Most laptops can be charged from 12V auto-style sockets as well.

12V DC is fantastic for a solar setup (vacation cabin, off-grid home, or whatever). You can still have some standard AC outlets using an inverter, but there's no reason to have lights running off of AC -- especially if you have LEDs! Since inverters cause a slow but constant power drain, it makes sense to leave them off most of the time.

Edit: I also wanted to mention the amazing "3-way" fridges, which I was not aware of until looking into solar a few years ago. They can run on AC, DC, and propane, giving you an alternative if the power goes out. The RV world has tons of this stuff, and the appliances usually aren't that much more expensive.
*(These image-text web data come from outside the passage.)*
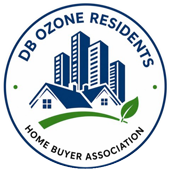 DB Ozone RHBA logo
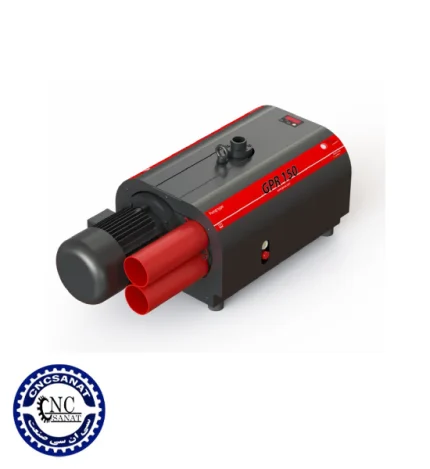 پمپ وکیوم کلاو GPR 150 گیو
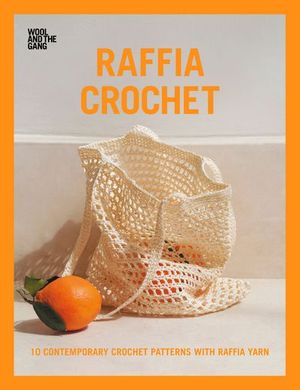 Buy Raffia Crochet at Amazon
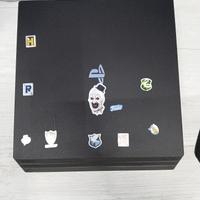 PlayStation 4 pro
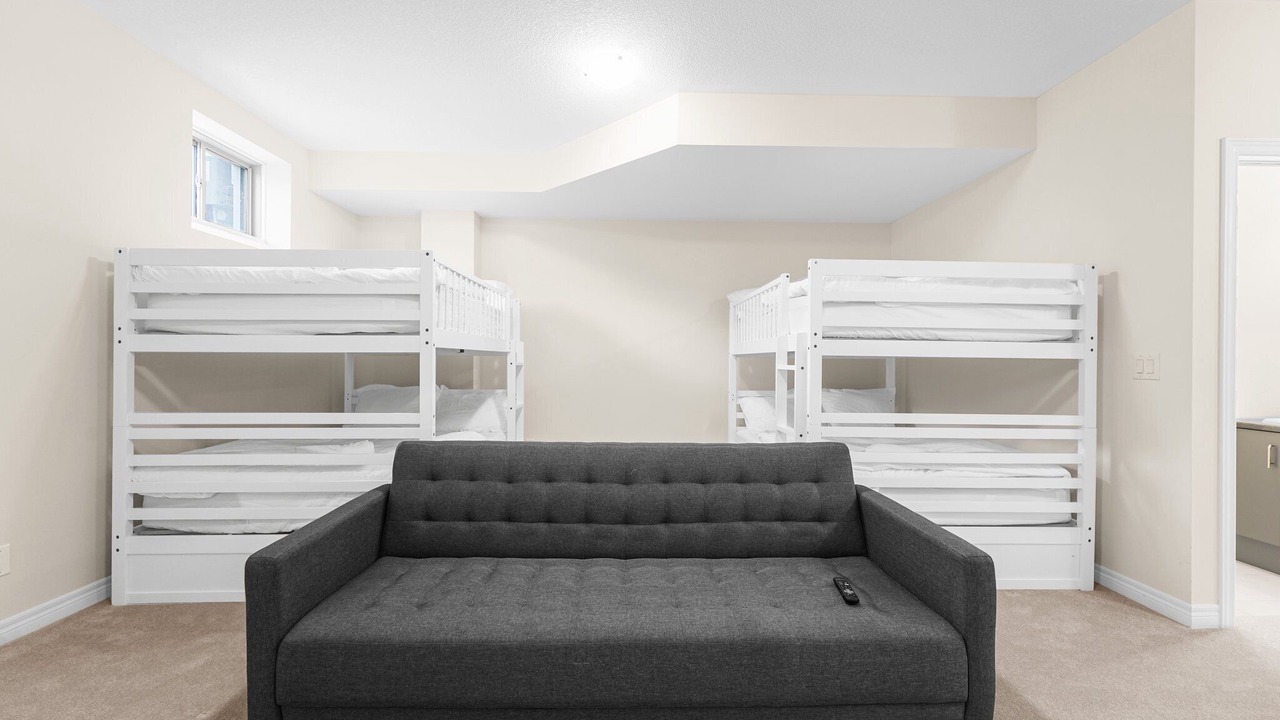 Photo of Bedroom in Kitchener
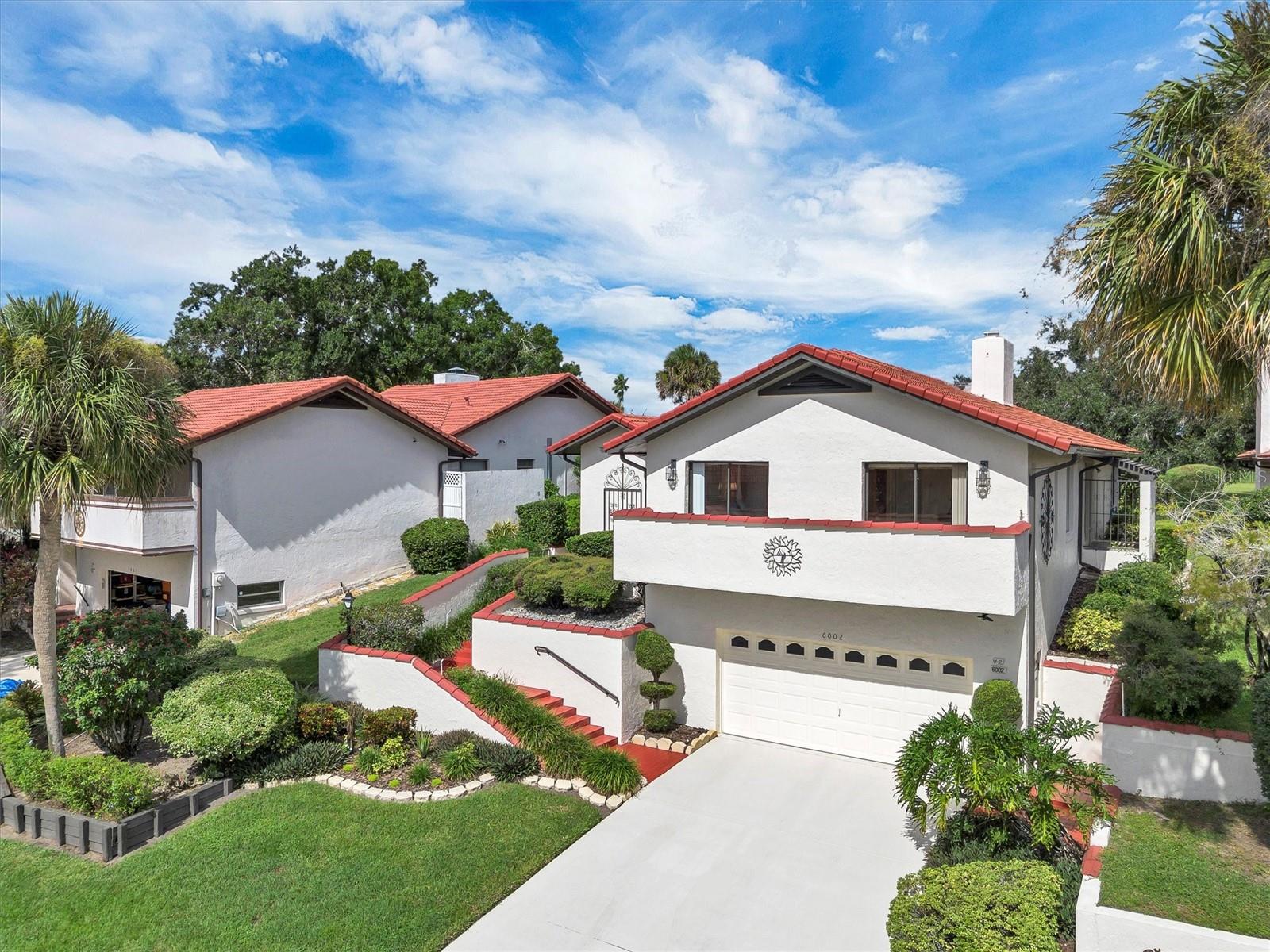 Image 6 of 76 For 6002 Country Club Drive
Some are even cheaper than regular appliances since they are usually more compact.

Keep in mind that your typical RV refrigerator capable of running on AC or propane, and possibly DC, will run much less efficiently on electric power than a standard electric refrigerator. That might make them less-than-ideal for a solar + battery configuration. In an RV context one typically uses the electric mode only when connected to "shore power", where the lower efficiency is less of an issue.

Propane-based refrigerators use an absorption cycle which depends on heat produced by burning the propane; in electric mode they just substitute resistive heating. A pure electric refrigerator would use a compressor-driven heat pump, which is considerably more efficient.

What DC connector does that use? My impression is that solar panels use MC4 connectors which have separate female and male and need two connectors for DC. But there is a convention for polarity.

Amateur radio has standardized on the Powerpole connector for 12V DC. Powerpole is hermaphroditic so don't have to worry about which end is plug or socket, and uses color coding for polarity.